**WHAT IS EXPECTED:**
With the line containing "Acer buergerianum, 19 cm, ± 30 jaar oud" as the start and the line containing "Praca w Zambrowie" as the end, transcribe that span of the entries below exactly, including both.

RECORDS FOR THE EXERCISE below:

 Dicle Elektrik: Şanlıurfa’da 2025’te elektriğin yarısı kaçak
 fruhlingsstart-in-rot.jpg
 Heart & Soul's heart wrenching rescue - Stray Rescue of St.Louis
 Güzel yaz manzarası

End of RECORDS FOR THE EXERCISE.
RECORDS FOR THE EXERCISE below:

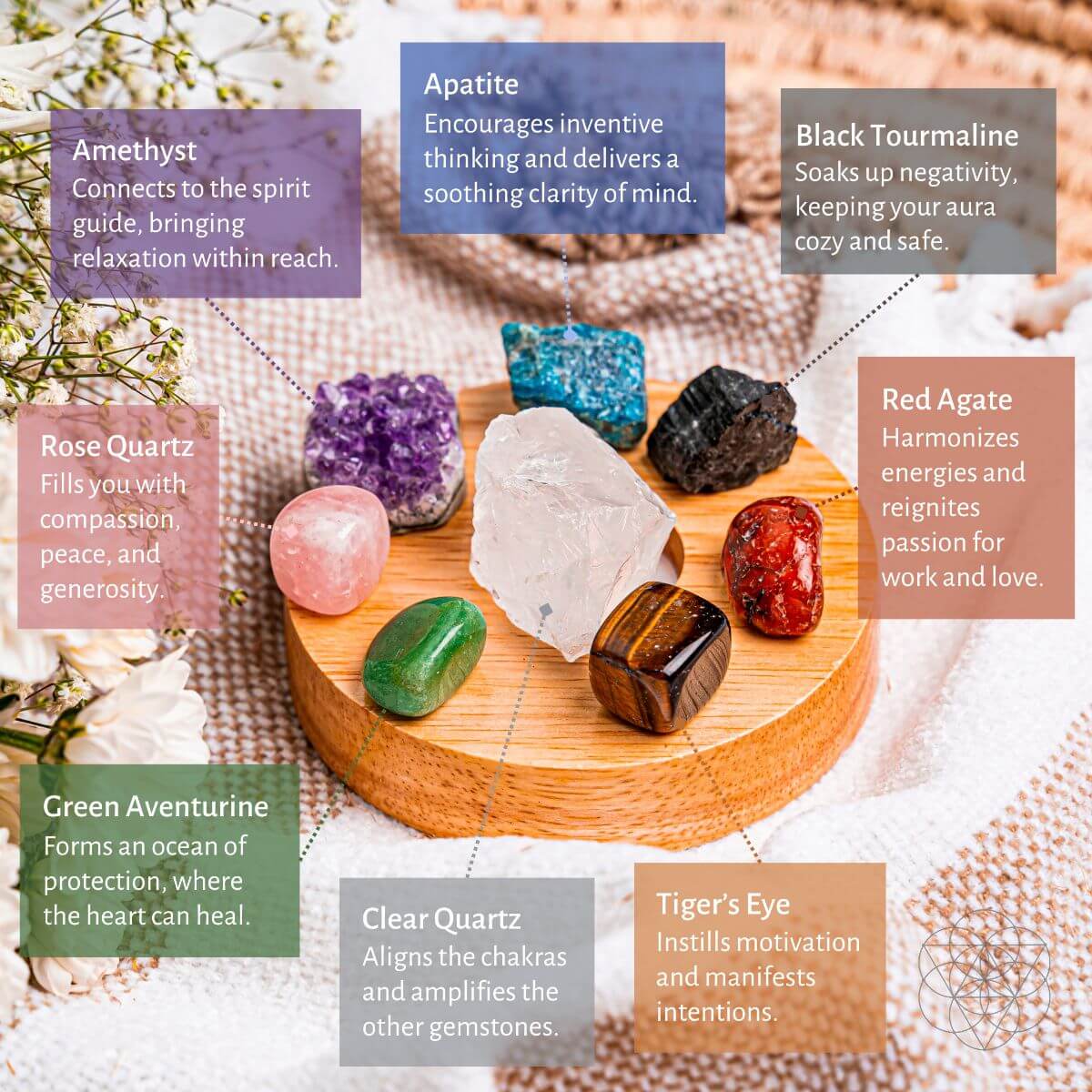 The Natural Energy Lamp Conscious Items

End of RECORDS FOR THE EXERCISE.
RECORDS FOR THE EXERCISE below:

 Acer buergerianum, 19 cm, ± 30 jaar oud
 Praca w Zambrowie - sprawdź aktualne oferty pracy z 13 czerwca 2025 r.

End of RECORDS FOR THE EXERCISE.

**SOLUTION TO THIS PROBLEM:**
 Acer buergerianum, 19 cm, ± 30 jaar oud
 Praca w Zambrowie - sprawdź aktualne oferty pracy z 13 czerwca 2025 r.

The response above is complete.